[Data for analysis — start]

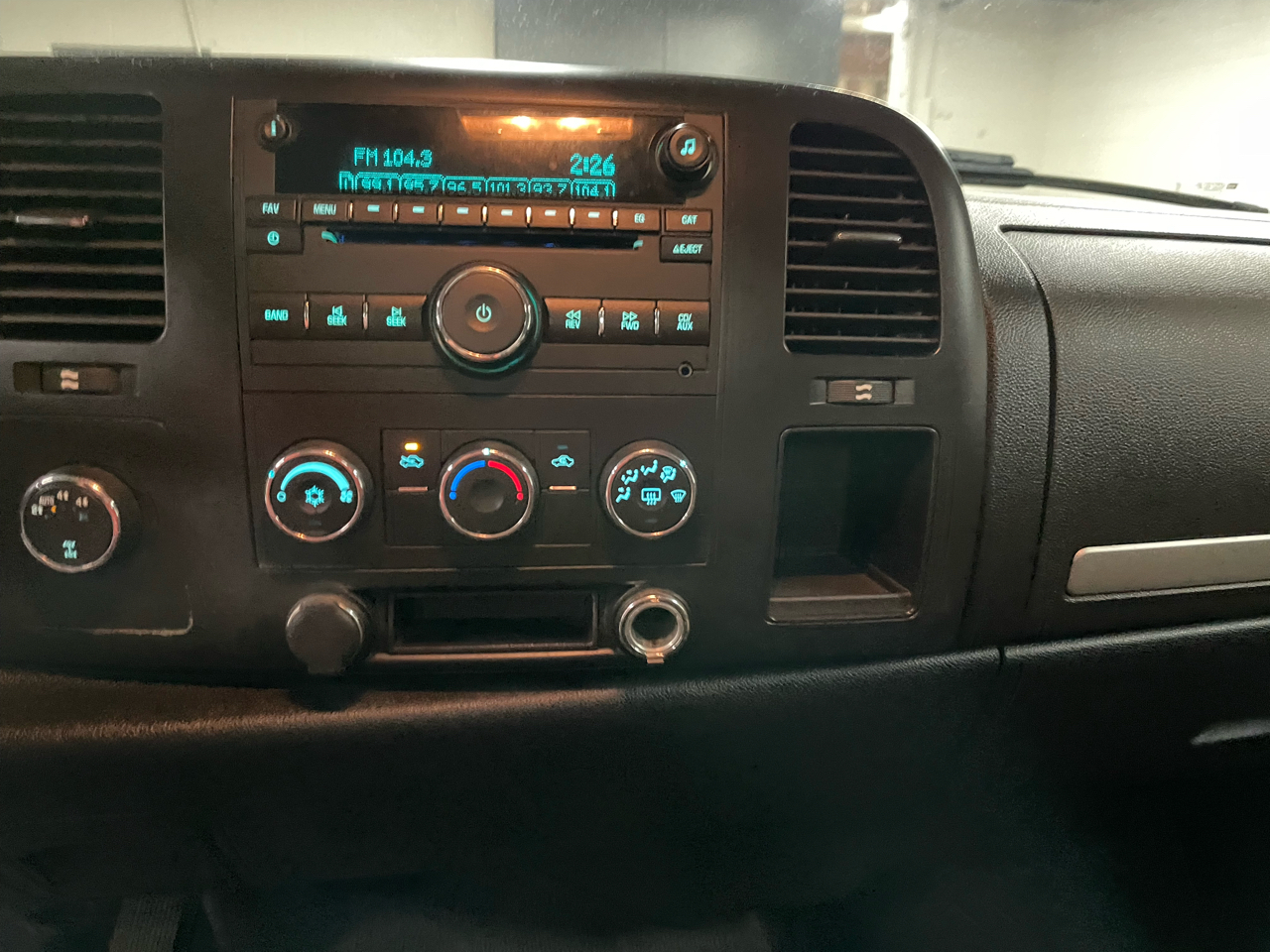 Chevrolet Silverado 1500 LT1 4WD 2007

[Data for analysis — finish]
[Data for analysis — start]

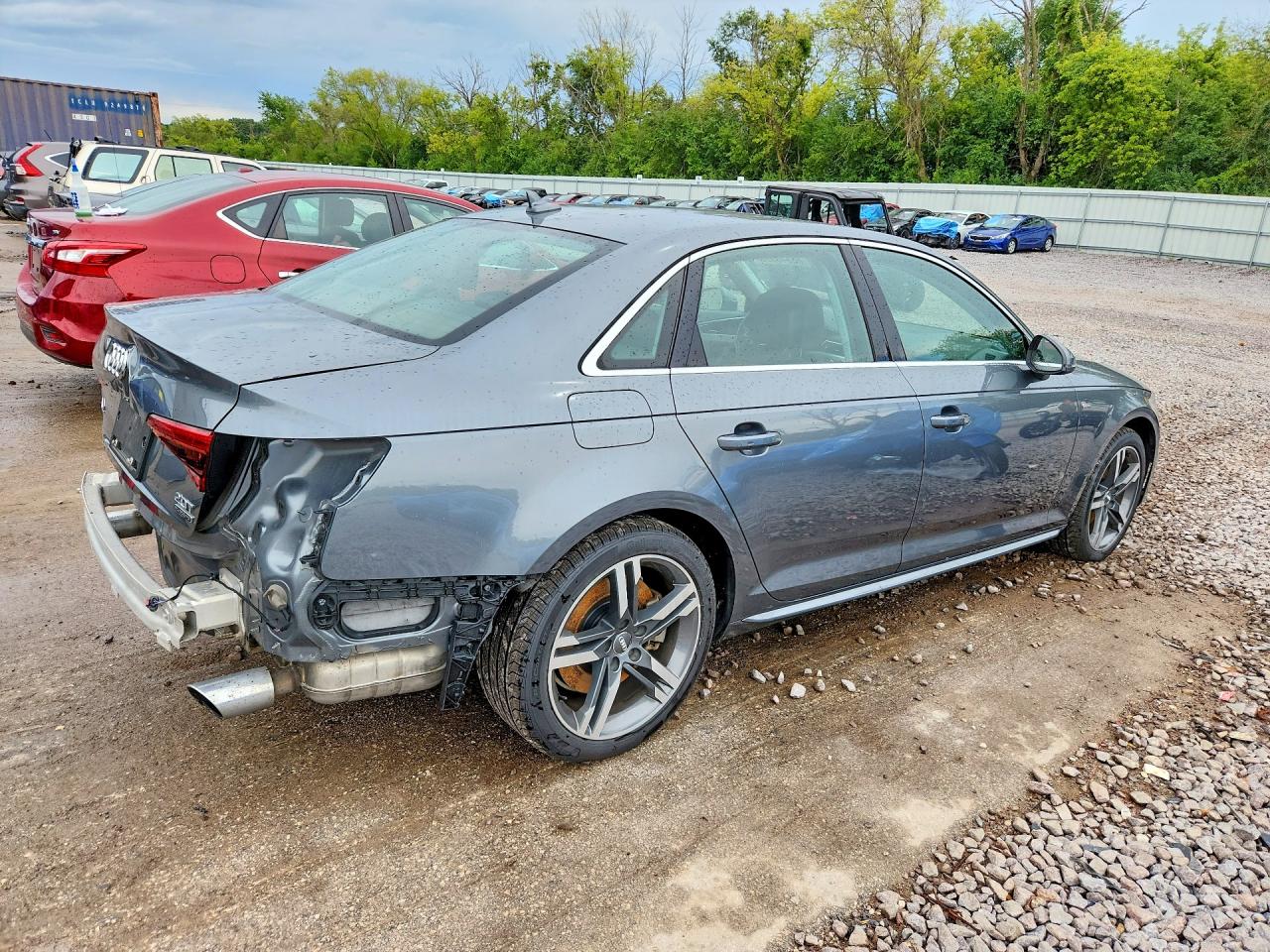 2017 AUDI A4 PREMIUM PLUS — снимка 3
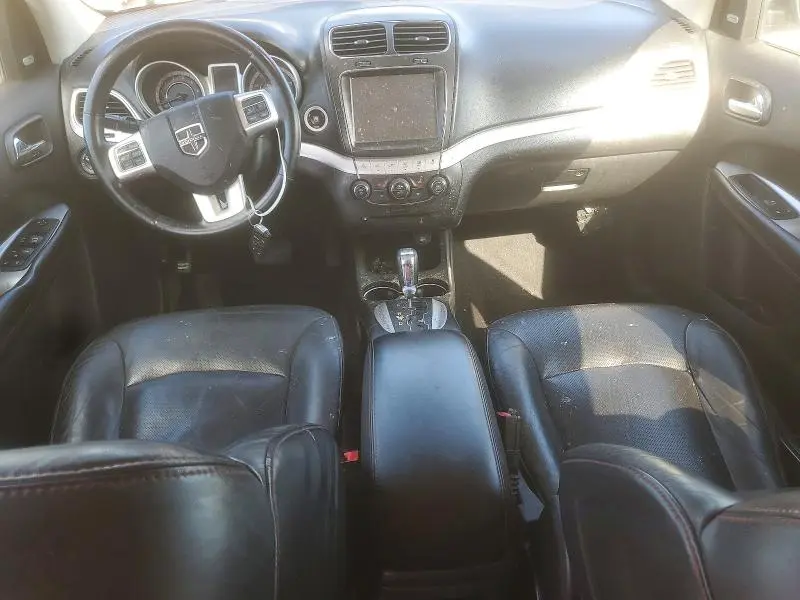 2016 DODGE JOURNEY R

[Data for analysis — finish]

• _Problem to work on_
Without the pictures, set down the lines above from the line with "2017 AUDI A4 PREMIUM PLUS — снимка 3" up to and including the line with "2016 DODGE JOURNEY R" exactly as they stand.

• _Answer to the exercise_
 2017 AUDI A4 PREMIUM PLUS — снимка 3
 2016 DODGE JOURNEY R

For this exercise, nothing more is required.